Let us begin with some questions. How important is your faith to you? If you do not practice your faith or live it, and if you do not follow God, then what difference does it make? You are already living like an atheist.
However, if your faith is important to you, then ask yourself: why do you desire to date an atheist instead of another Catholic? Why date someone who does not even believe God exists, rather than someone who can walk along side of you in this faith journey and build you up?
Is your ideal to date an atheist? Or do you feel you are compromising? Think about that for a minute. Just because you are attracted to someone and get along well with them doesn’t mean you should necessarily date them.
Will dating an atheist help you get to heaven or hinder it
Catholics and Atheists
Let us take religion out of the equation for a second. Imagine someone who loves hiking, extreme sports, and the outdoors. They buy all the gear. They read hiking blogs and listen to podcasts on the great outdoors.
Then, they begin dating a homebody who does not enjoy leaving the house and dislikes the outdoors. Worse, they believe doing adventurous outdoor activities is dangerous and wrong.

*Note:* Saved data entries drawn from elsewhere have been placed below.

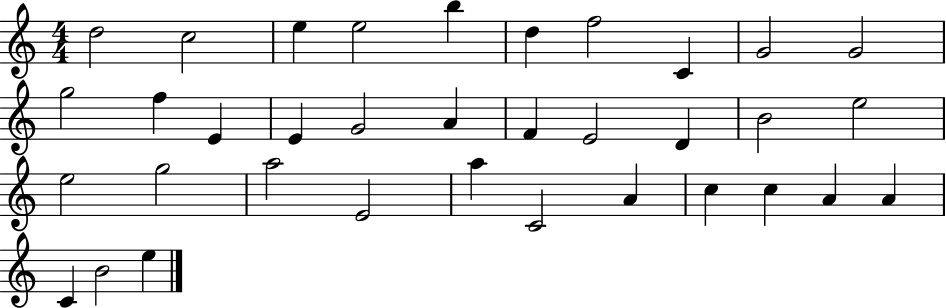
{
  \clef treble
  \numericTimeSignature
  \time 4/4
  \key c \major
  d''2 c''2 | e''4 e''2 b''4 | d''4 f''2 c'4 | g'2 g'2 | \break g''2 f''4 e'4 | e'4 g'2 a'4 | f'4 e'2 d'4 | b'2 e''2 | \break e''2 g''2 | a''2 e'2 | a''4 c'2 a'4 | c''4 c''4 a'4 a'4 | \break c'4 b'2 e''4 | \bar "|."
}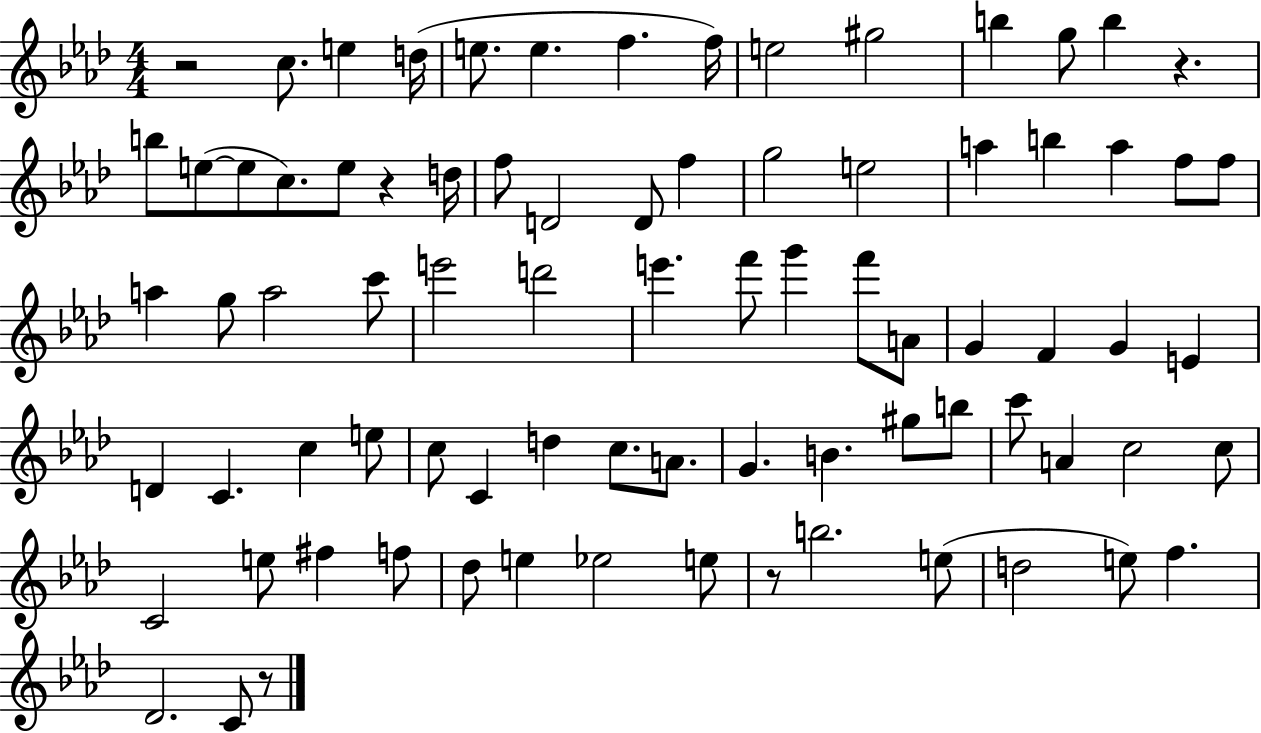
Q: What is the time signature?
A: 4/4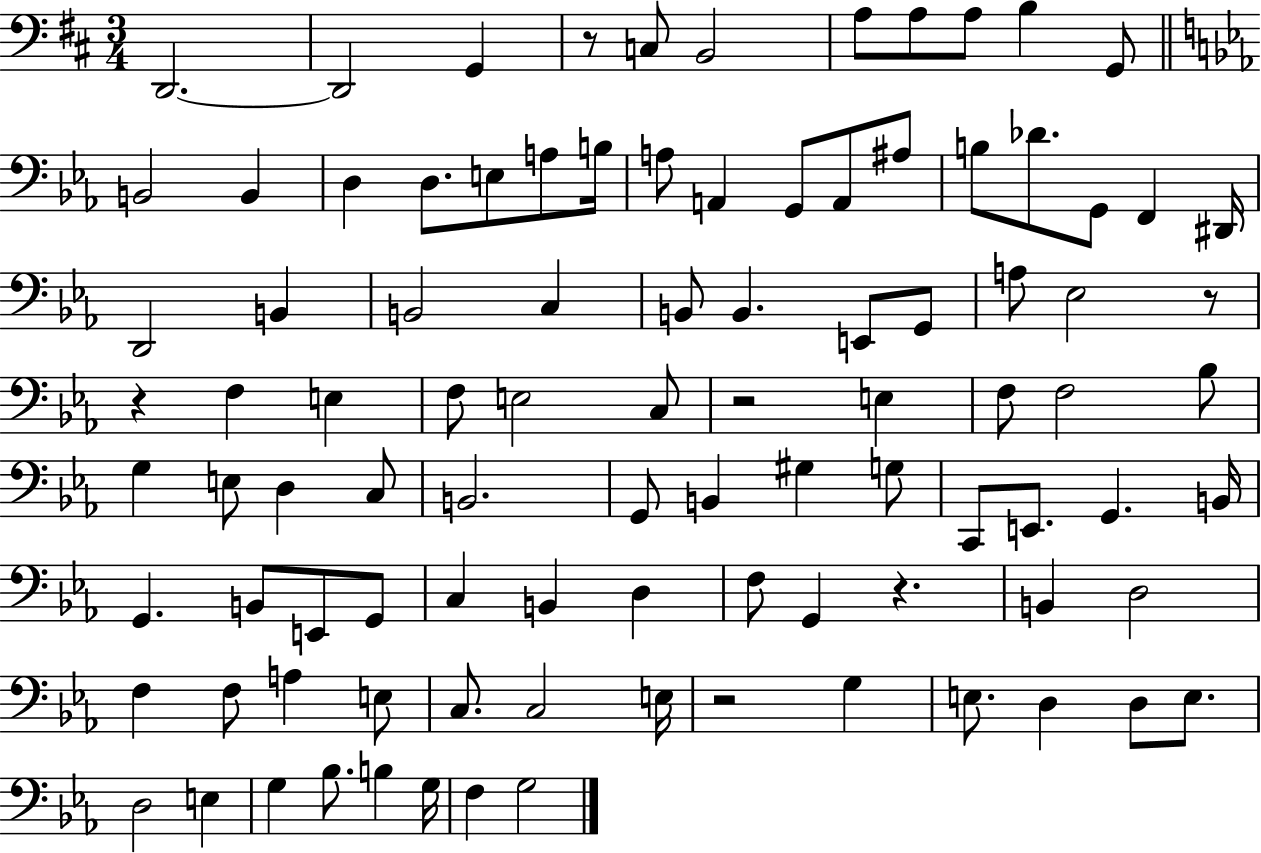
X:1
T:Untitled
M:3/4
L:1/4
K:D
D,,2 D,,2 G,, z/2 C,/2 B,,2 A,/2 A,/2 A,/2 B, G,,/2 B,,2 B,, D, D,/2 E,/2 A,/2 B,/4 A,/2 A,, G,,/2 A,,/2 ^A,/2 B,/2 _D/2 G,,/2 F,, ^D,,/4 D,,2 B,, B,,2 C, B,,/2 B,, E,,/2 G,,/2 A,/2 _E,2 z/2 z F, E, F,/2 E,2 C,/2 z2 E, F,/2 F,2 _B,/2 G, E,/2 D, C,/2 B,,2 G,,/2 B,, ^G, G,/2 C,,/2 E,,/2 G,, B,,/4 G,, B,,/2 E,,/2 G,,/2 C, B,, D, F,/2 G,, z B,, D,2 F, F,/2 A, E,/2 C,/2 C,2 E,/4 z2 G, E,/2 D, D,/2 E,/2 D,2 E, G, _B,/2 B, G,/4 F, G,2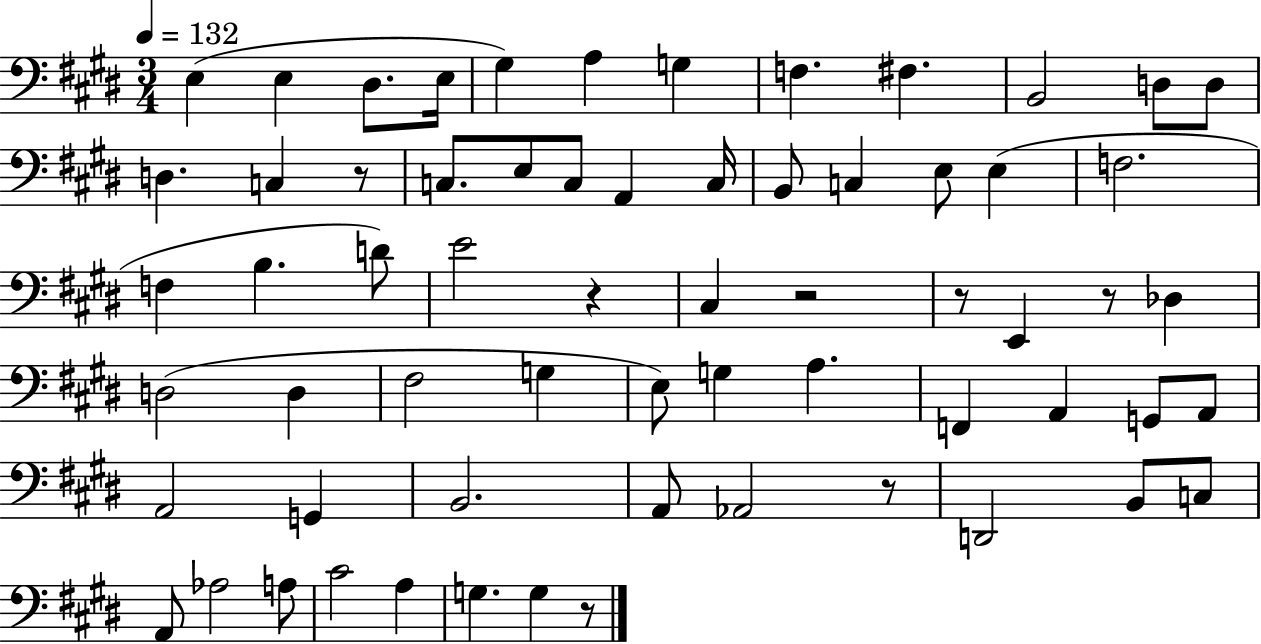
X:1
T:Untitled
M:3/4
L:1/4
K:E
E, E, ^D,/2 E,/4 ^G, A, G, F, ^F, B,,2 D,/2 D,/2 D, C, z/2 C,/2 E,/2 C,/2 A,, C,/4 B,,/2 C, E,/2 E, F,2 F, B, D/2 E2 z ^C, z2 z/2 E,, z/2 _D, D,2 D, ^F,2 G, E,/2 G, A, F,, A,, G,,/2 A,,/2 A,,2 G,, B,,2 A,,/2 _A,,2 z/2 D,,2 B,,/2 C,/2 A,,/2 _A,2 A,/2 ^C2 A, G, G, z/2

If they get married, they will not raise their kids to go outside although they may permit their significant other doing so. All this man wanted most in life was someone who shared his affinity for the outdoors. He now realizes that by dating this person, he is throwing that dream out the window and that he will spend the rest of his life doing what he loves by himself.
It is the same in the spiritual life. We cannot help who we are attracted to, but attraction and chemistry don’t mean that someone is good for us, good for our souls, or good for our future family. We must think about the relationship long term.
What if you get married someday? Would you be okay with your spouse not sharing your faith or your love of God? They may or may not even support you in your beliefs long term.
Some atheists might be fine with you practicing your faith. They might even attend church once in a while to support you. That is the best-case scenario. However, it can get more complicated than that.
What if they grow tired of your beliefs and attempt to talk you out of them? Many people get divorced over this. What if you have kids together down the road? Someday, those kids will say, “Mom, why doesn’t daddy believe in God?” “Mommy, why doesn’t daddy go to church with us?”
How are you going to answer that and tell them that their father doesn’t believe in God, thereby planting that thought in their head? Confusion over religion is guaranteed to happen. Is this the type of confusion you would want for your family? Moreover, there are often drastic differences of belief, especially when it comes to sexuality, children, or church.
More than this though is, wouldn’t you want to find someone who shares your faith, can help you get to heaven, and walk hand in hand with you in faith?
A standard life lesson that psychology instills is that it’s important for people to find someone with the same core values. One of the leading causes for divorce is a difference of religious beliefs.
For these reasons, we recommend that Catholics date practicing Catholics. This is also the long held tradition and belief of the Catholic Church. For this and other reasons, we recommend not dating atheists. They cannot accompany you in the same way in faith. After all, the purpose of marriage is to sanctify your spouse and get them to heaven.
To be clear, atheists are not necessarily bad people. Some live good moral lives. However, they do not share the same faith or core beliefs as you do. Dating someone you are not on the same playing field with can be a big mistake. In marriage, it’s a permanent mistake.
If your Catholic faith is important you, then be friends with the atheist, but find someone else to marry, someone who will walk alongside you on your journey toward heaven. They will help you to grow in holiness and come closer to God.
Choose a spouse who will help you to reach heaven and not be a hindrance toward that goal!